Rachel Lincolns’ latest production gives the brutally honest lesson in Sexual Education that Britain needs. Be warned! You may never be able to look at stationary in the same way ever again.
The quality of our nation’s sexual education has come under criticism over the past few years and Rachel Lincoln’s satire is perfectly on point.
The show begins with one of the most original and hilarious opening sequences I’ve seen at the Fringe. I won’t give any spoilers away, but it involves a dramatic blackout, a condom and a torch. Shortly after this we are introduced to the prim, proper and prudish Miss Got Told, who will be covering our classes lesson today of - gasp - Sex Ed!

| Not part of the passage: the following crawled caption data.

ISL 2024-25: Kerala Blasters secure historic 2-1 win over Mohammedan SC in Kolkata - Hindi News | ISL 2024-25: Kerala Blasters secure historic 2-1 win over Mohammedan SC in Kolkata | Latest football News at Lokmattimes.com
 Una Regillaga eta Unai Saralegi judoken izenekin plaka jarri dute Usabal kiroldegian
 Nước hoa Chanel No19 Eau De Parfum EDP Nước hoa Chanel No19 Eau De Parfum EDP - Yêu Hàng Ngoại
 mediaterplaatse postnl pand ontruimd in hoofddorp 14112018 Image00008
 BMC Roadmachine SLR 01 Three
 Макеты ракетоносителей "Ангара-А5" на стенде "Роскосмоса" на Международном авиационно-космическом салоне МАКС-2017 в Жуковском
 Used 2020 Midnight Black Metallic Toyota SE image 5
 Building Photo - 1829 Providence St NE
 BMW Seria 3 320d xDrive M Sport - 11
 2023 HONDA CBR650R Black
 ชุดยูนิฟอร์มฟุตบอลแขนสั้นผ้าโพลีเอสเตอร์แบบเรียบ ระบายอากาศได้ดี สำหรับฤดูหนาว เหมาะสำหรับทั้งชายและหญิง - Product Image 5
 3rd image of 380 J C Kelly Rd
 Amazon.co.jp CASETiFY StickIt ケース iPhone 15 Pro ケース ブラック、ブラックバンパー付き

Armed with her ammunition of pencils, pens and sharpeners we are taught about the dangers of STIs, the risks social media and the ins and outs of homosexual activity which are demonstrated with the help of some board markers. On top of this imaginative use of props, the show has some weight to it too. We learn more about Miss Got Told’s past and how, through her lack of schooling in the matter of the birds and bees, she ended up as this angsty shamble.
Lincoln was taught at the renowned Jacques Lecoq school and her training has payed off. Her characterisation of Miss Told is fabulously awkward. Almost the whole show is performed non-verbally and there are moments where this lack of oral communication leaves the performance a bit static. Still, the physical comedy of the piece more than makes up for this.
There are elements of audience interaction, as it is customary at the Fringe, but these elements of the practical lesson are not humiliating and usually involve everyone. For example, there is a point at which we are all instructed to make paper aeroplanes and throw them at a cling-film-wrapped Miss Told, to demonstrate the importance of contraception. If you do a good enough job, you could be rewarded with a gold star.
Not only this is a masterclass in physical comedy, it also has depth. The quality of our nation’s sexual education has come under criticism over the past few years and Rachel Lincoln’s satire is perfectly on point.